The Bavette Steak, also known as the Flap Steak, is one of those steaks that doesn’t get nearly as much attention as it deserves. That’s a shame since this steak is affordable, delicious and, when sliced against the grain, incredibly tender.
At first glance the bavette doesn’t seem like much to look at. It looks pretty similar to a skirt steak.
But if you take a closer look, literally, you will see something interesting. The grain structure of the muscle fibers on this cut of meat is incredibly loose and open.
The open grain structure has two benefits.
- It helps make the steak incredibly tender since the muscle fibers are not tightly bound to each other.
- The openness lets this steak really soak up marinades.
How To Grill a Bavette Steak
This cut of beef is extremely versatile and is a family favorite at my house. The beef is easy to cook, tastes great, and does not need to rest after cooking so you can literally be ready to eat in just a few minutes!
This is a thin steak so I like to grill it hot and fast. There is no need to do a complicated Reverse Sear like you would for a thick cut Tomahawk steak.
Marinated and Seared
I like to take advantage of the loose, open grain structure of the bavette and let it soak up a marinade. You can skip this step and just go with a simple salt and pepper treatment if you are short on time.
- 1 cup soy sauce
- 1 tablespoon black pepper
- 1 tablespoon fresh ginger paste
- 1 tablespoon chopped garlic
- 1 tablespoon brown sugar
Combine the marinade ingredients and let the steak marinate in the refrigerator for 1-4 hours.
To prepare the grill I placed about 40 Kingsford briquettes into a charcoal chimney and lit them with some newspaper. It takes about 20 minutes for the coals to completely light and ash over.
Dump the lit charcoal into the center of your charcoal grill and use tongs to arrange them in a layer/strip that is long enough to cook the length of the bavette evenly.
If you are using a gas grill just turn all of your burners up to high.
This is a thin steak and I cook it fast directly over the hot coals.
The brown sugar in the marinade helps these steaks take on a beautiful surface char. I flip the steak every minute and grill until it reaches an internal temperature of 130F. This steak took about seven minutes.
Make sure you slice the steak against the grain and you will have an incredibly tender flavor explosion.
IMPORTANT: The structure of this steak is going to tempt you to slice it into bite sized slices by slicing it at the ends. This will be cutting WITH the grain and will give you a chewy steak. Cut the steak into thirds along the length of the bavette and then rotate those cuts and slice against the grain.

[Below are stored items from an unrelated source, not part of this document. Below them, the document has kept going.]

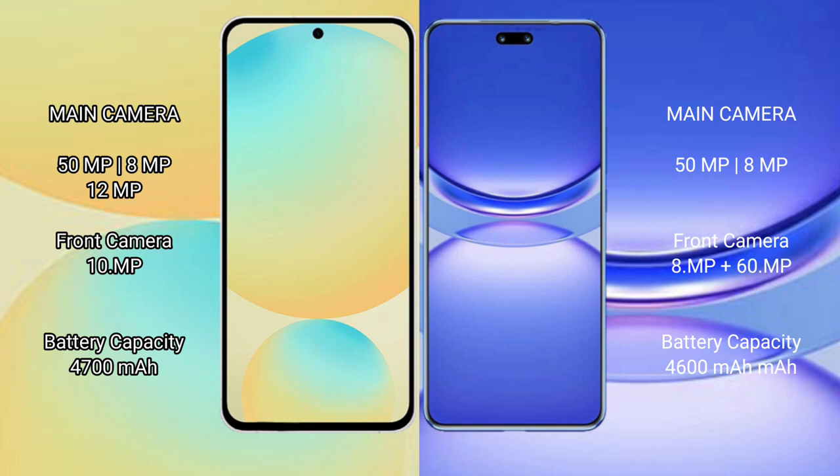The Huawei Nova 12 Pro also features a triple camera setup with a 50MP main camera, 8MP ultrawide, and a 12MP telephoto lens, along with a 16MP front camera.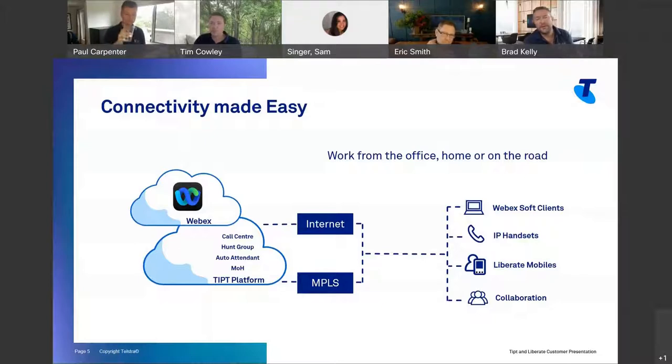I've seen a lot of people in the last 18 months pick up handsets, take them home, and have those functioning in their home office. It could also be our Liberate mobiles, and all our collaboration tools are able to access those core Tippit functions — things like hunt groups, call centers, auto attendants, music on hold — all functioning wherever you are, as long as you've got available network connectivity.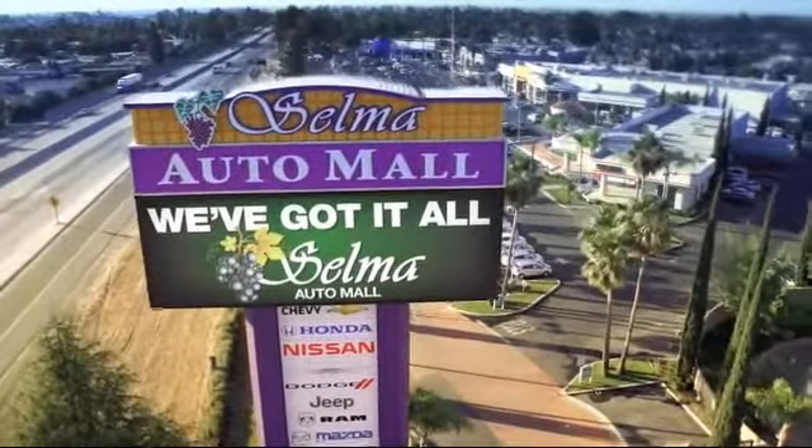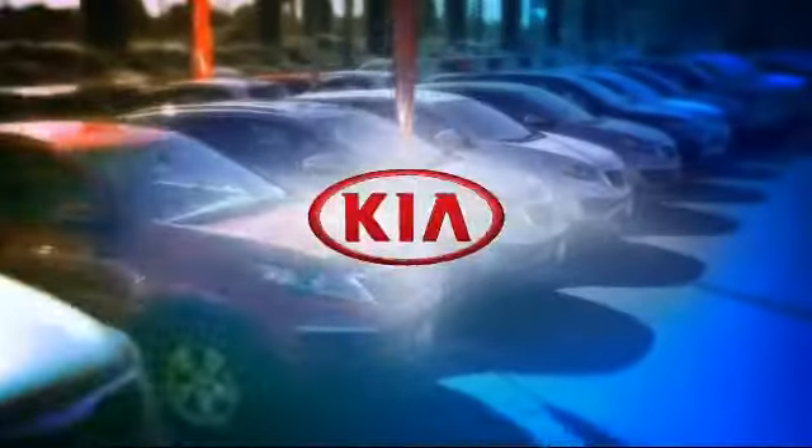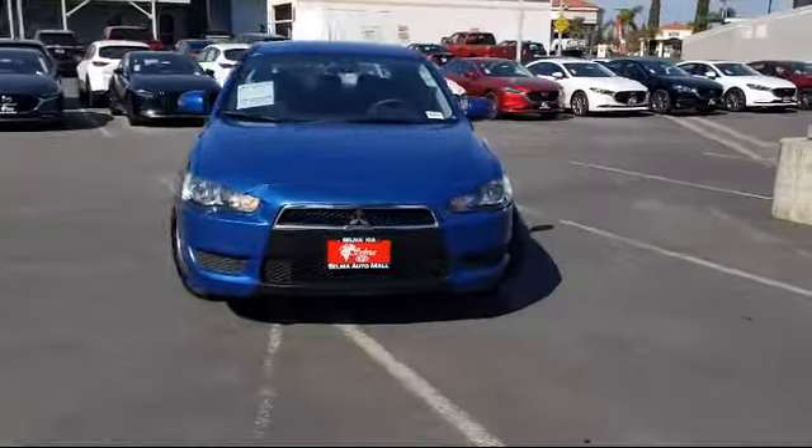Welcome to the Selma Auto Mall, where we have over 11 brands of new and used vehicles to choose from. And here's a look at another one of our great vehicles from our massive inventory.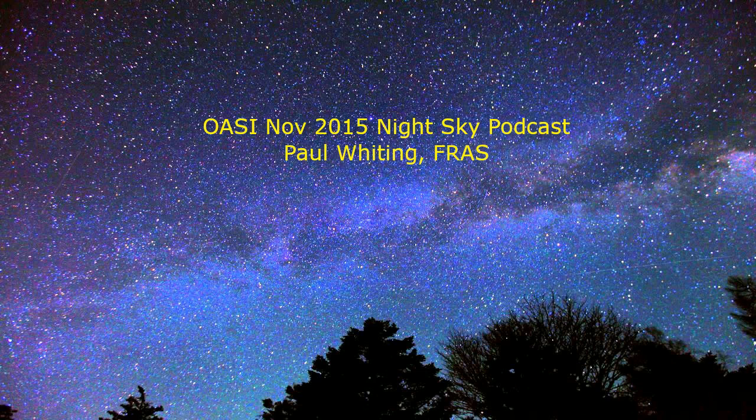Now look up. You will see a W or an M, whichever way you look at it, made out of five stars. This is Cassiopeia. Now look carefully for a long arc going through the length of Cassiopeia — can you see what looks like a long thin cloud? This is the Milky Way, and you are now looking towards the centre of our galaxy. You will need to be in a very dark site to be able to see this clearly.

The slicing is not complicated as long as you take the time to look at the muscle fibers.
The rest of the ingredients were pretty standard, toasted corn tortillas with onions, peppers and some salsa verde (here is how to make salsa verde from scratch).
These great and easy fajitas were some of the best that I have had in years.
Just freaking amazing.
Grilled Bavette Steak Fajitas Supreme
- 1 cup soy sauce
- 1 tbsp black pepper
- 1 tbsp fresh ginger paste
- 1 tbsp brown sugar
- 1 tbsp fresh chopped garlic
- 3 lbs bavette steak
- 1 red bell pepper
- 1 yellow bell pepper
- 1 yellow onion
- corn tortillas
- Combine the soy sauce, black pepper, brown sugar, ginger and garlic to create the marinade.
- Add the steak to the marinade and refrigerate for at least one hour and up to four.
- Prepare your grill for direct high heat cooking.
- Remove the steak from the marinade and place on the grill.
- Flip the steak frequently to prevent burning and cook to an internal temperature of 130F. About 7-10 minutes. Remove the steak from the grill and allow to rest.
- While the steak is resting slice the onions and cut the bell bell peppers into strips (discard seeds).
- Sear the vegetables over high heat in a wok or cast iron skillet until tender. Stir frequently to prevent burning.
- Slice the steak thinly, AGAINST the grain.
- Serve the sliced steak, onions and peppers on corn tortillas with choice of salsa and/or sour cream.
What Is a Bavette Steak?
The bavette is a cut from the flank subprimal of a steer. The name of the muscle is Obliquus abdominis and it gets the secondary name of “flap steak” because it hangs off the bottom of the flank as an odd flap of meat. The word “bavette” is of French origin and means “bib”.
The cut is located directly below the skirt steak and is in close proximity to the flank steak. These are all abdominal muscles and the flavor profile and grain structure is similar between all three cuts.
Here is an absolutely stunning video from The Healthy Butcher YouTube channel that breaks down how to butcher the flank subprimal and exactly how the bavette, flank and skirt steaks are related. If you want to get serious about your steak education then you really need to watch the video.
The bavette is an excellent substitute for either flank or skirt steak. One of the reason that the bavette isn’t that well known is because there are only 2-4 pounds of this cut on a steer. This is one of those “Butcher’s Cuts” that can be hard to find.